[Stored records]
━━━━━━━━

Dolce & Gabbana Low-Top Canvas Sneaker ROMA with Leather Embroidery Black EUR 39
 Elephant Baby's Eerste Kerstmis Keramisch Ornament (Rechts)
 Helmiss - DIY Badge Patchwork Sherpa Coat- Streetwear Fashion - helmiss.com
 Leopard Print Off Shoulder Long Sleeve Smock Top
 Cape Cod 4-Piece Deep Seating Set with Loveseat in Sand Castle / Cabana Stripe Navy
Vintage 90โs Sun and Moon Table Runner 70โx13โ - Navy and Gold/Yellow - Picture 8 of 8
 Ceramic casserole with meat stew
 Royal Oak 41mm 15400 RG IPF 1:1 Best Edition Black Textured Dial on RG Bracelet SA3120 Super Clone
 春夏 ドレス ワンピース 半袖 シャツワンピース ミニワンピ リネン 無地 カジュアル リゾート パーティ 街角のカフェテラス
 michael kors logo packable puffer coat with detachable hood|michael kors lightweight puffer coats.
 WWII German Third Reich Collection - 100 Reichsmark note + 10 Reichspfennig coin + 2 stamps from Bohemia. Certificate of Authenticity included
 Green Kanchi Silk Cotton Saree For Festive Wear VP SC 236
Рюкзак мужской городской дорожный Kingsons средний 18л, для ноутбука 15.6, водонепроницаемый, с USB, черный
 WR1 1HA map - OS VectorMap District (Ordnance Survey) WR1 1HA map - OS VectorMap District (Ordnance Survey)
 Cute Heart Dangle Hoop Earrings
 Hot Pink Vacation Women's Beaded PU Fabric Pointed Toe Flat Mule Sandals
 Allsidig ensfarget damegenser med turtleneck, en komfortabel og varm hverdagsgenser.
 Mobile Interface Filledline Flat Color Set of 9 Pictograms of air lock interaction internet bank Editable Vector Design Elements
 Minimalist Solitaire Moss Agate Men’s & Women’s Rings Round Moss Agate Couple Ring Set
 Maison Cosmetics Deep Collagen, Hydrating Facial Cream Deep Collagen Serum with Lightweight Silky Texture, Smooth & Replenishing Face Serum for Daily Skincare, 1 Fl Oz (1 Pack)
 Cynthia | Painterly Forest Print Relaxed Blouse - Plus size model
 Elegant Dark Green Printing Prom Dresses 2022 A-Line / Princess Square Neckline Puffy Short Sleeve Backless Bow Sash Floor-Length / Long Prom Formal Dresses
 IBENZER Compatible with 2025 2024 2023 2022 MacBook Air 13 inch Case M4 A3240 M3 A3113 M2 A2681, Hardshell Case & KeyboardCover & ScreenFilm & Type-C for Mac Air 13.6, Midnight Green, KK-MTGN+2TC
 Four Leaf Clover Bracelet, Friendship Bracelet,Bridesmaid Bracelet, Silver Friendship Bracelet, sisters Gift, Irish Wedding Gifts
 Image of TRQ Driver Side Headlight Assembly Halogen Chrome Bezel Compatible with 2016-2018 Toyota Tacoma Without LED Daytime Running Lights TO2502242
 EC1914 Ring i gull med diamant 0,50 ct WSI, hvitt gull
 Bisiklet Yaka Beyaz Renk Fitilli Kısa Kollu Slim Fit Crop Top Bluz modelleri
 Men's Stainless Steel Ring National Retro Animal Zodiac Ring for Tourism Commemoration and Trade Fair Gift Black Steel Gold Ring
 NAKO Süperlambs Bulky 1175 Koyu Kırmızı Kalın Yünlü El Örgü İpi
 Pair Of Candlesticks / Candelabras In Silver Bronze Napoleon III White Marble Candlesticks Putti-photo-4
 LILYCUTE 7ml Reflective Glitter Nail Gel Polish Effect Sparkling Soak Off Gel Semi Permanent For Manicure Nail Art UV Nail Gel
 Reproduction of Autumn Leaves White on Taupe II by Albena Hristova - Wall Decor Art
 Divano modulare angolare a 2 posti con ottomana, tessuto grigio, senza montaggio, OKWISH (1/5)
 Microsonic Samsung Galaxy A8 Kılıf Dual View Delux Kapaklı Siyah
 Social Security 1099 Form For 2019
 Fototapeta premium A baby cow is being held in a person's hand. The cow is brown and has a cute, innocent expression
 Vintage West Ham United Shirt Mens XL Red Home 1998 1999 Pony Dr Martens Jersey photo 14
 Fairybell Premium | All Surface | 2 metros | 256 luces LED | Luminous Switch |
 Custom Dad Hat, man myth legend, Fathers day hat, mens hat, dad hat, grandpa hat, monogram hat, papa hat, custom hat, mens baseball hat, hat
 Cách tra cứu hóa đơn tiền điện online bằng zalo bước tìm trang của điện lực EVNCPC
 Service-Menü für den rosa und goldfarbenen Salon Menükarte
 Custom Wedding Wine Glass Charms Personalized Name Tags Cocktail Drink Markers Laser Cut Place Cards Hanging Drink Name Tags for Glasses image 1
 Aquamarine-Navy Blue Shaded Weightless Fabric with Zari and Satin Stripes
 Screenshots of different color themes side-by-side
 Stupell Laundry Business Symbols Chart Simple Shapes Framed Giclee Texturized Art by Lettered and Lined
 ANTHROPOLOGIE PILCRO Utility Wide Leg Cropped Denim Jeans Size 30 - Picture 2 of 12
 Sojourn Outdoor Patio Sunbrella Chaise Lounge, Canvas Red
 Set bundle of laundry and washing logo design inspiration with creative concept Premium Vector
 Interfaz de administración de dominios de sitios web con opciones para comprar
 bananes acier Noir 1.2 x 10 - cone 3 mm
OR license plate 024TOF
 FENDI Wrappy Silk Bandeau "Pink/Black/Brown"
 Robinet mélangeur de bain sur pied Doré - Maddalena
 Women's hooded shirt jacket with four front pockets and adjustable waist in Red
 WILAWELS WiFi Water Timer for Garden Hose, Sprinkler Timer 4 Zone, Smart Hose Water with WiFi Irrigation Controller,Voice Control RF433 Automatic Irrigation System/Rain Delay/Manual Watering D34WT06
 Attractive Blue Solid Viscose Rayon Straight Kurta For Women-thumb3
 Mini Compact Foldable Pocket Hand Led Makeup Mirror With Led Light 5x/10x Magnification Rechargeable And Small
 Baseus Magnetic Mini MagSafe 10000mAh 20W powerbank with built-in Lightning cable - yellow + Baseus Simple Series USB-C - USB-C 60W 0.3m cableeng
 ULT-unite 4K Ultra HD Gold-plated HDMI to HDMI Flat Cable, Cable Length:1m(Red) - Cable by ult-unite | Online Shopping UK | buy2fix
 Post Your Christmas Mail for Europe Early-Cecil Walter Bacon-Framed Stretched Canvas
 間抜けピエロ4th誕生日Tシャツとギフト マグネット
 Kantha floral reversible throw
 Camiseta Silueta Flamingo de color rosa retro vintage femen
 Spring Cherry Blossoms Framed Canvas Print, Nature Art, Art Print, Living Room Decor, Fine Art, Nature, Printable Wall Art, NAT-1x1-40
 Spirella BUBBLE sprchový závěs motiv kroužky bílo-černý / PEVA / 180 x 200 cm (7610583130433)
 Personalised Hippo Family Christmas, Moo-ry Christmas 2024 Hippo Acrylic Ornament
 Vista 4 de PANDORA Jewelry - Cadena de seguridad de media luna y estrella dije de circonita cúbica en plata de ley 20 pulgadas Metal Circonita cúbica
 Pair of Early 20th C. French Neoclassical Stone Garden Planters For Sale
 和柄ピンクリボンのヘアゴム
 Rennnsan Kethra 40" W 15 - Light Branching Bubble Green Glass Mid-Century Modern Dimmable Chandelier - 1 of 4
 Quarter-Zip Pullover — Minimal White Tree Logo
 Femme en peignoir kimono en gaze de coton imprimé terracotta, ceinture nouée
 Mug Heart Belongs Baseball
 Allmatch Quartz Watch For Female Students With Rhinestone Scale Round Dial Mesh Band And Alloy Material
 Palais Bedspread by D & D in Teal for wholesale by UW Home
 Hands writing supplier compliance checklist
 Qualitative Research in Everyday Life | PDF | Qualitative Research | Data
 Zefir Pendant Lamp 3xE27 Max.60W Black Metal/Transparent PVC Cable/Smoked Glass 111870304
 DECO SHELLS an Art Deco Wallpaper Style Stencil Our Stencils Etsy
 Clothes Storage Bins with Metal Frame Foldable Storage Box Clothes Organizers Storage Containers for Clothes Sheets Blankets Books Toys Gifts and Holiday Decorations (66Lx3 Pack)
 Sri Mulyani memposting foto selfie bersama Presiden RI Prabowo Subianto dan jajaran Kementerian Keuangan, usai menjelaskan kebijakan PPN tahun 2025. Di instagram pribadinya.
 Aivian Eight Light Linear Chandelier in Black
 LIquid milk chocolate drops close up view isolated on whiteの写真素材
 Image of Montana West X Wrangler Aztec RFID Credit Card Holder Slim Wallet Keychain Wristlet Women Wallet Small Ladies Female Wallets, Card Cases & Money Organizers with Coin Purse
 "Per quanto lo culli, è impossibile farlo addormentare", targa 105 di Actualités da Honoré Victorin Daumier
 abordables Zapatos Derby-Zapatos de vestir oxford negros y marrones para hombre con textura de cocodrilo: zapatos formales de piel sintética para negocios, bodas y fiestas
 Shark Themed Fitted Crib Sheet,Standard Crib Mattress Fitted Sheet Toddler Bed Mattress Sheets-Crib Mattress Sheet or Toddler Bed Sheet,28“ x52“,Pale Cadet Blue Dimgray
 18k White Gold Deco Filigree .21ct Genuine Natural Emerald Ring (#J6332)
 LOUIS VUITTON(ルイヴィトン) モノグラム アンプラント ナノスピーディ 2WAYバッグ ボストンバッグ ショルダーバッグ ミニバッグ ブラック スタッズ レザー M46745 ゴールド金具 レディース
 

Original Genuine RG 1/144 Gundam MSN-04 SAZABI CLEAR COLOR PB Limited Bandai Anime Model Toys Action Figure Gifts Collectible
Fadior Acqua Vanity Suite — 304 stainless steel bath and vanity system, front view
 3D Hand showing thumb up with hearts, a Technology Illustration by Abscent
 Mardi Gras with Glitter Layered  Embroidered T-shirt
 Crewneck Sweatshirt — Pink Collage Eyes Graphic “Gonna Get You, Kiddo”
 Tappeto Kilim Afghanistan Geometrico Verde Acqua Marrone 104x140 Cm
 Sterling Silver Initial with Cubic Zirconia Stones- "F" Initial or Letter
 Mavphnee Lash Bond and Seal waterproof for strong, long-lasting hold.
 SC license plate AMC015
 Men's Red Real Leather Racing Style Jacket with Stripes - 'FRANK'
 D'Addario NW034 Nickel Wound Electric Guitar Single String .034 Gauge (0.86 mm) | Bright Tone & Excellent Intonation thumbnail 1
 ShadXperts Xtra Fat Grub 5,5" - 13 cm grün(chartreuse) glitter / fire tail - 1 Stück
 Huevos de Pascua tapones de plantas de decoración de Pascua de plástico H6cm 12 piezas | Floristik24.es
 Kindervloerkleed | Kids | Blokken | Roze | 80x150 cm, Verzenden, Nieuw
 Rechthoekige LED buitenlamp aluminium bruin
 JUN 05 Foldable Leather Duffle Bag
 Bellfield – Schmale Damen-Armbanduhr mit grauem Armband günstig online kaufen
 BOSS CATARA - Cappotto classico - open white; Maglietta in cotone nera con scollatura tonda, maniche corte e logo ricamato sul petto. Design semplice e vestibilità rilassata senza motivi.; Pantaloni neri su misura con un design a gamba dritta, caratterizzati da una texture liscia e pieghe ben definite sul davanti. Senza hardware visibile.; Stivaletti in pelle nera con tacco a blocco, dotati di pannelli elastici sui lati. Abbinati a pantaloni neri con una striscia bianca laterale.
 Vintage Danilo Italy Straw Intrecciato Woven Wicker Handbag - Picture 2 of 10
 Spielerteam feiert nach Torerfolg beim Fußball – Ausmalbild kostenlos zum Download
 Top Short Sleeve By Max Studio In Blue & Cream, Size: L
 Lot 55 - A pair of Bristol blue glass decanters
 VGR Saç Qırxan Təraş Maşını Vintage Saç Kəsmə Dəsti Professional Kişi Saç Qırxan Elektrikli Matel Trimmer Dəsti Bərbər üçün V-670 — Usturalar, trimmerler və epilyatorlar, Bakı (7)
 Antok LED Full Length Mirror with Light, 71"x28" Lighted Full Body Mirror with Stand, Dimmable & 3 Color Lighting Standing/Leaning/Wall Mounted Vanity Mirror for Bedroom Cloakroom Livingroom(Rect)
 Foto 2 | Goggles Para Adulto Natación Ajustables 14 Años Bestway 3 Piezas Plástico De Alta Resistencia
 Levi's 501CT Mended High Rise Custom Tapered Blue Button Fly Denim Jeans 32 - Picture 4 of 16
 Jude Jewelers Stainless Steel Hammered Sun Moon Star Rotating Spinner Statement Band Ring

━━━━━━━━

▸ EXERCISE REQUIREMENTS
Look back at the entries above. Retype the line with "Robinet mélangeur de", the line with "Attractive Blue Solid", and all lines in between.

▸ EXPECTED OUTPUT
 Robinet mélangeur de bain sur pied Doré - Maddalena
 Women's hooded shirt jacket with four front pockets and adjustable waist in Red
 WILAWELS WiFi Water Timer for Garden Hose, Sprinkler Timer 4 Zone, Smart Hose Water with WiFi Irrigation Controller,Voice Control RF433 Automatic Irrigation System/Rain Delay/Manual Watering D34WT06
 Attractive Blue Solid Viscose Rayon Straight Kurta For Women-thumb3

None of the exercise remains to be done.